_What this task involves_
Starting at the first line of the data and ending at the line with "Side angle image", copy each line exactly. Include both of those lines, but no pictures.
──────── Data extracts
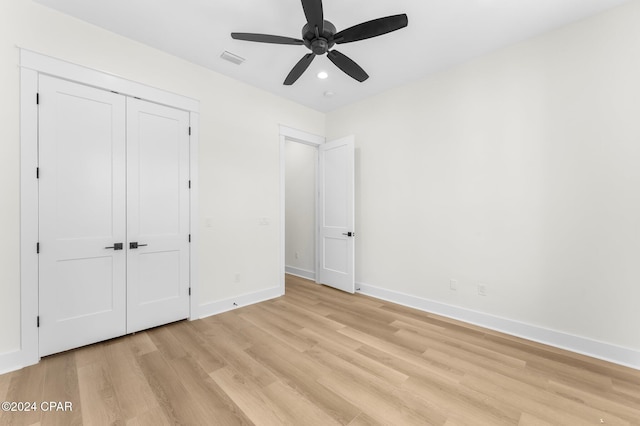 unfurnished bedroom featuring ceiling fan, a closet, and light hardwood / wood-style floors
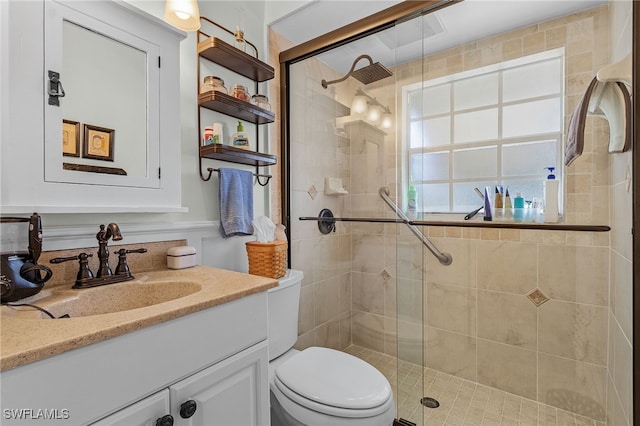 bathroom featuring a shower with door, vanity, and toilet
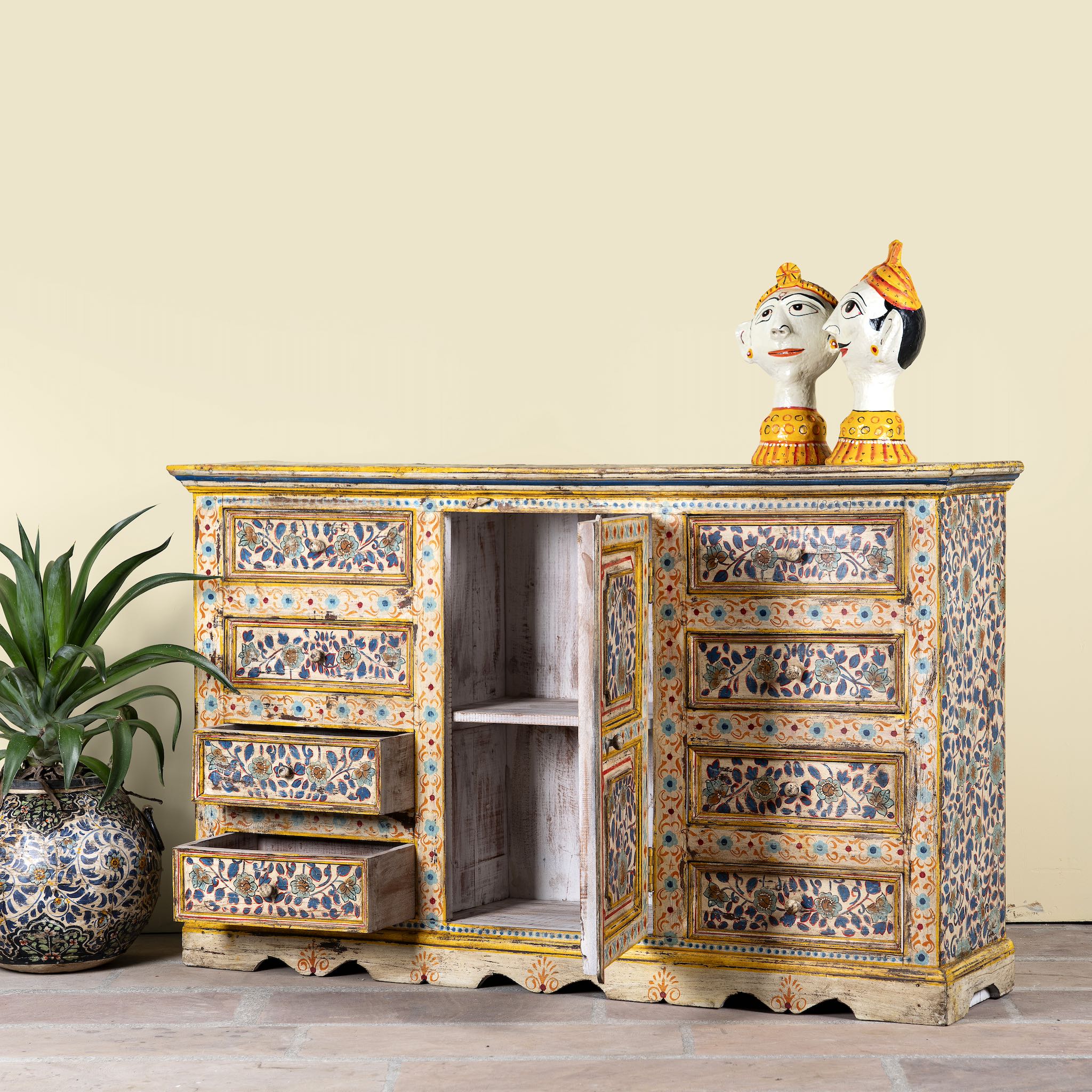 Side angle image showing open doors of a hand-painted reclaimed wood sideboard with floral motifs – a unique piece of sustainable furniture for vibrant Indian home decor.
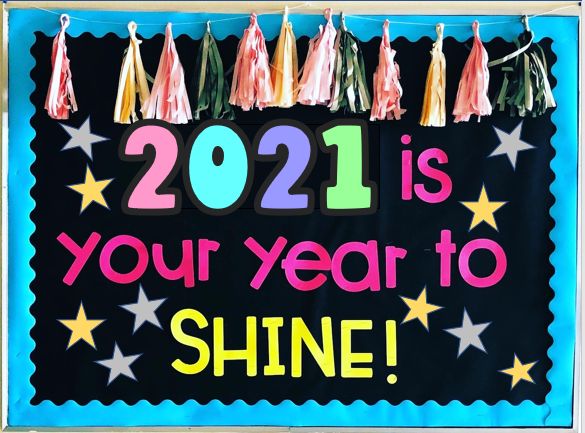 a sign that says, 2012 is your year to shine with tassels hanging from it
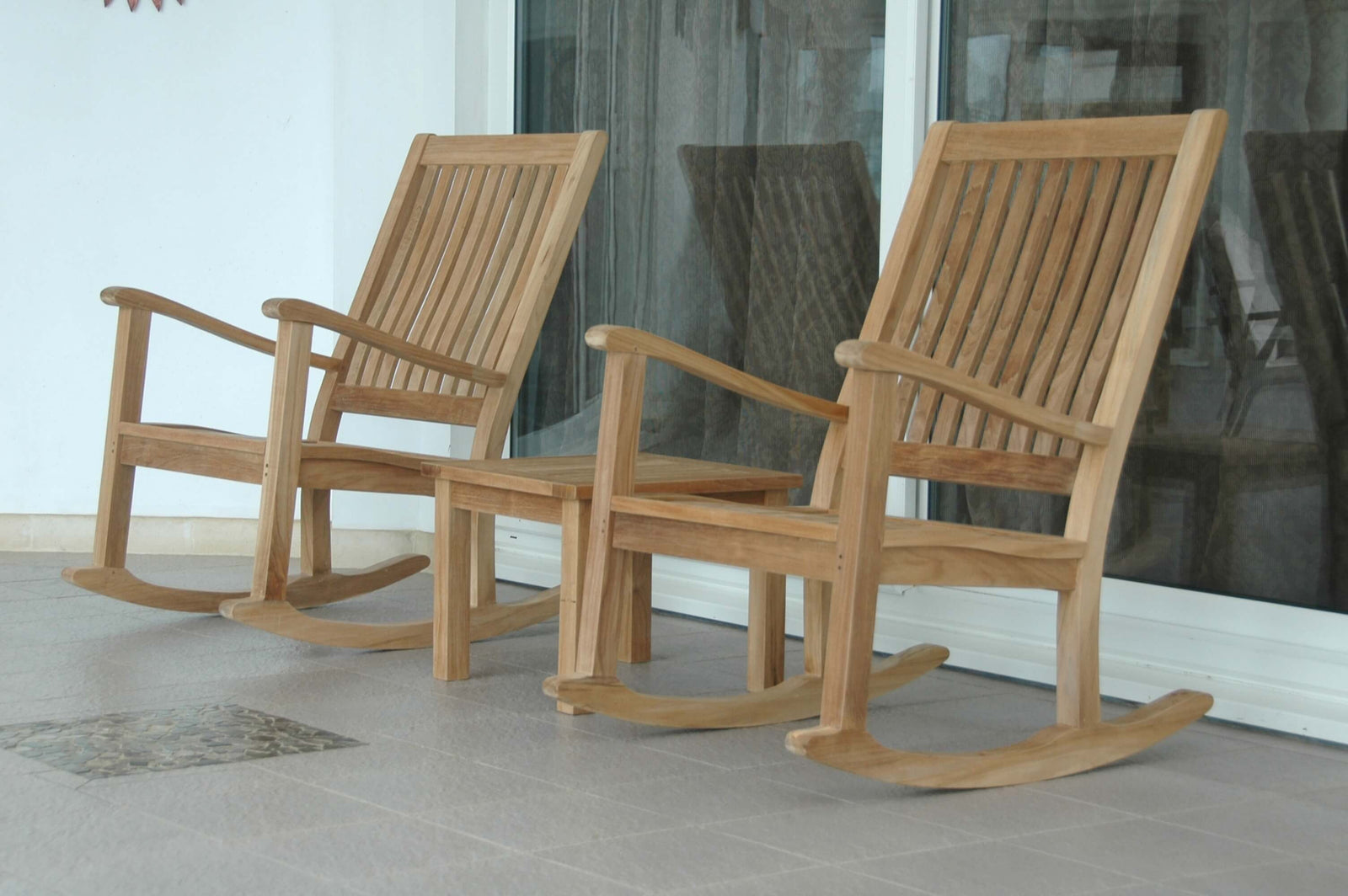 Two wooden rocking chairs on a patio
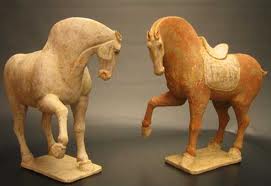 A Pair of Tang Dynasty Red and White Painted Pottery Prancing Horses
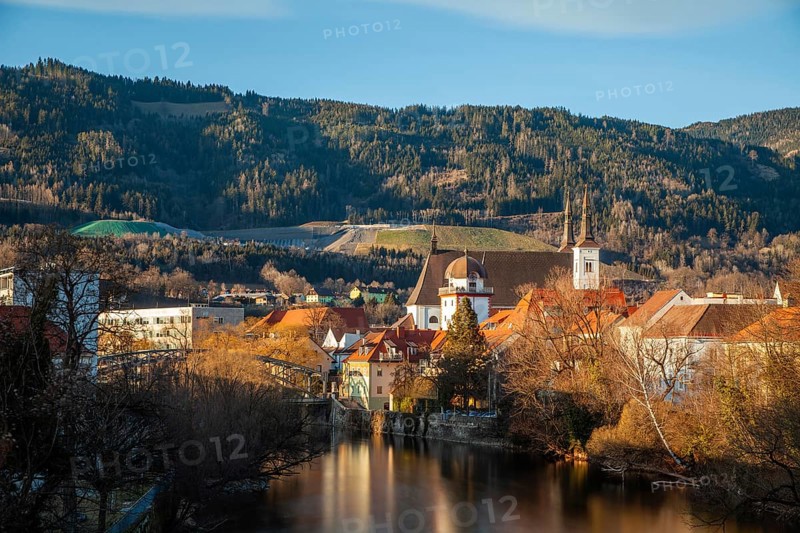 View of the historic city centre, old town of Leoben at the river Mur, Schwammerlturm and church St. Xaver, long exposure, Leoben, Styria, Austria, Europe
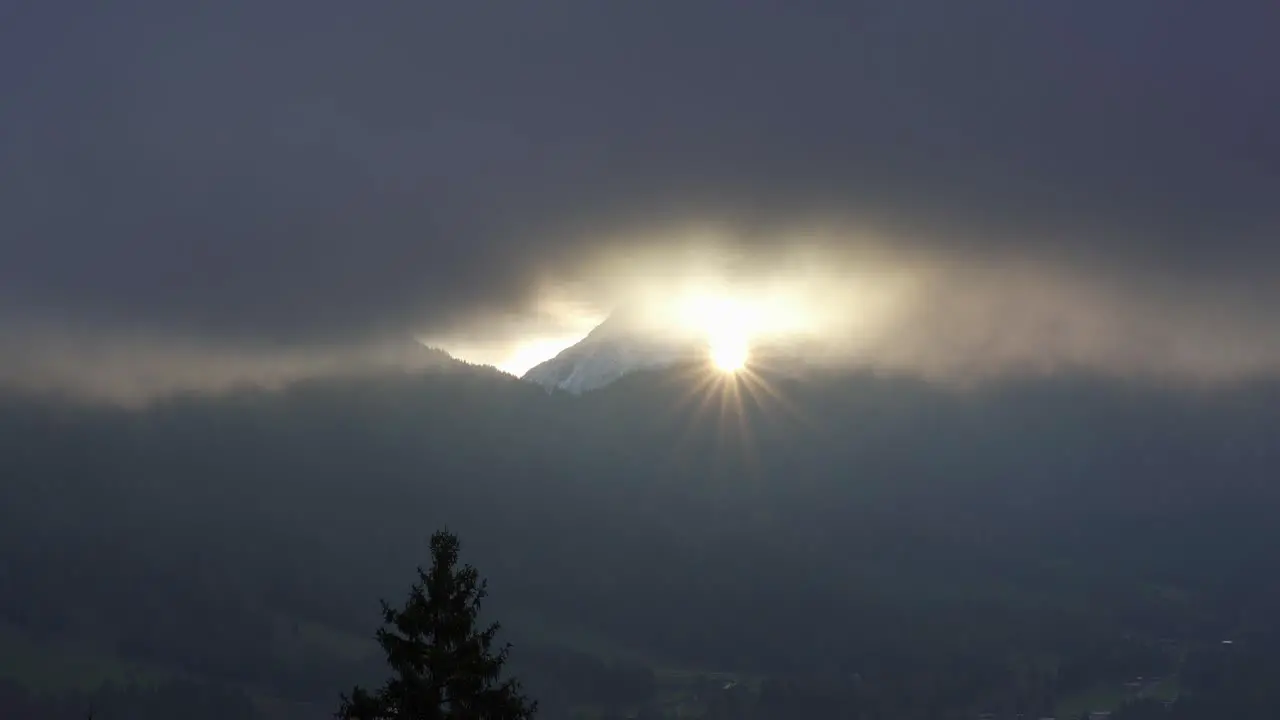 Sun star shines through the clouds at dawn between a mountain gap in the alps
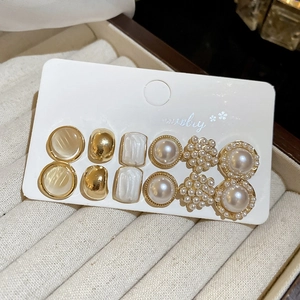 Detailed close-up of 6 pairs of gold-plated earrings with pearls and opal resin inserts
────────────────
_Result of this task_
 unfurnished bedroom featuring ceiling fan, a closet, and light hardwood / wood-style floors
 bathroom featuring a shower with door, vanity, and toilet
 Side angle image showing open doors of a hand-painted reclaimed wood sideboard with floral motifs – a unique piece of sustainable furniture for vibrant Indian home decor.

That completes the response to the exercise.